WHAT YOU ARE ASKED TO DO -
Your copy should hold only the lines from the one containing "Chair Yoga for" through the final line of the entries, exactly as written, with no pictures.

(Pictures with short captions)

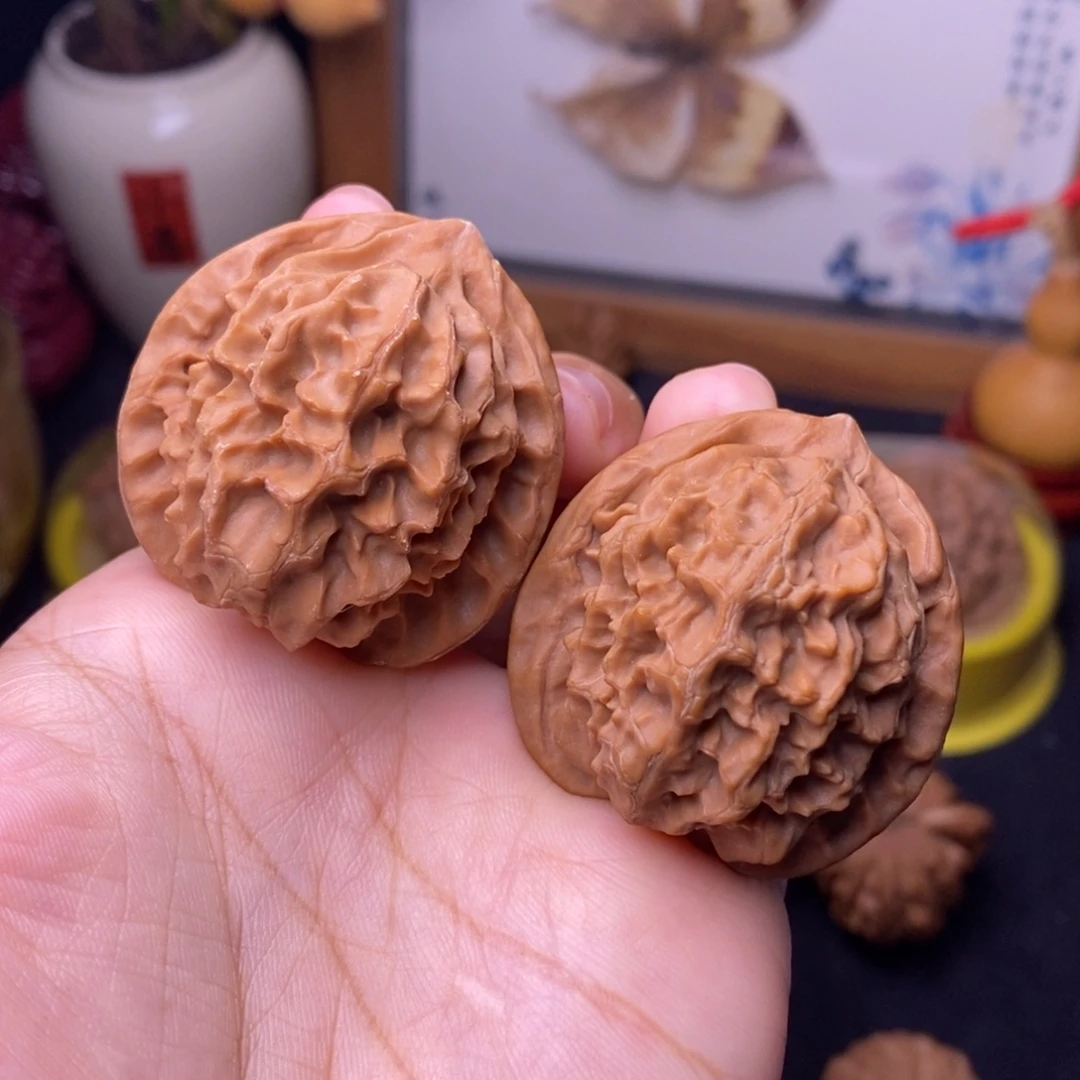把件文玩核桃39龙鳞纹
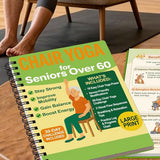 Chair Yoga for Seniors 30-Day Challenge Gentle Seated Yoga Guide for Women & Men Light Green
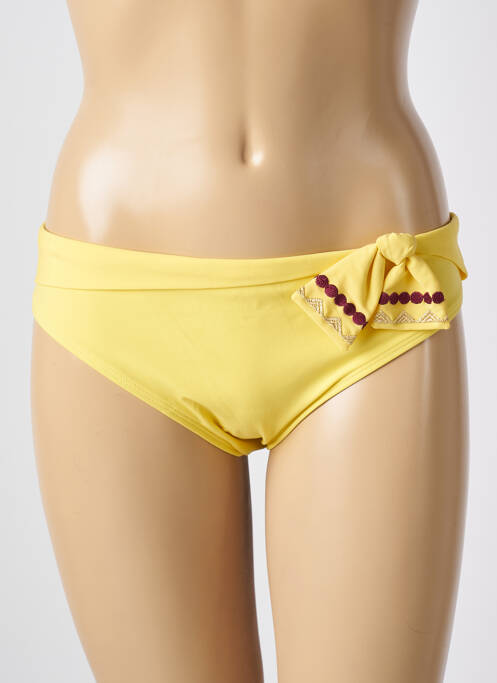 Chiloți de baie galben EMPREINTE femeie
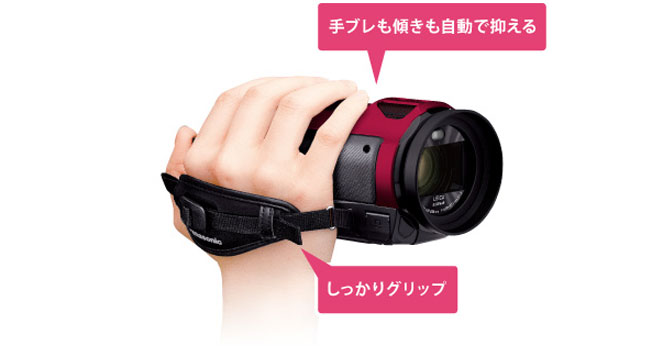 Amazon | パナソニック 4K ビデオカメラ 64GB 光学20倍ズーム カカオ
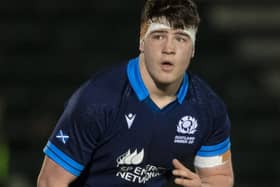 Ex-Hawick hooker Corey Tait in action for Scotland during their Under-20 Six Nations win against Wales at Glasgow's Scotstoun Stadium on February 10 (Pic: Ross MacDonald/SNS Group/SRU)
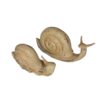 Set of 2 Snail Figurine - Unique Decorative Snails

RESPONSE -
 Chair Yoga for Seniors 30-Day Challenge Gentle Seated Yoga Guide for Women & Men Light Green
 Chiloți de baie galben EMPREINTE femeie
 Amazon | パナソニック 4K ビデオカメラ 64GB 光学20倍ズーム カカオ
 Ex-Hawick hooker Corey Tait in action for Scotland during their Under-20 Six Nations win against Wales at Glasgow's Scotstoun Stadium on February 10 (Pic: Ross MacDonald/SNS Group/SRU)
 Set of 2 Snail Figurine - Unique Decorative Snails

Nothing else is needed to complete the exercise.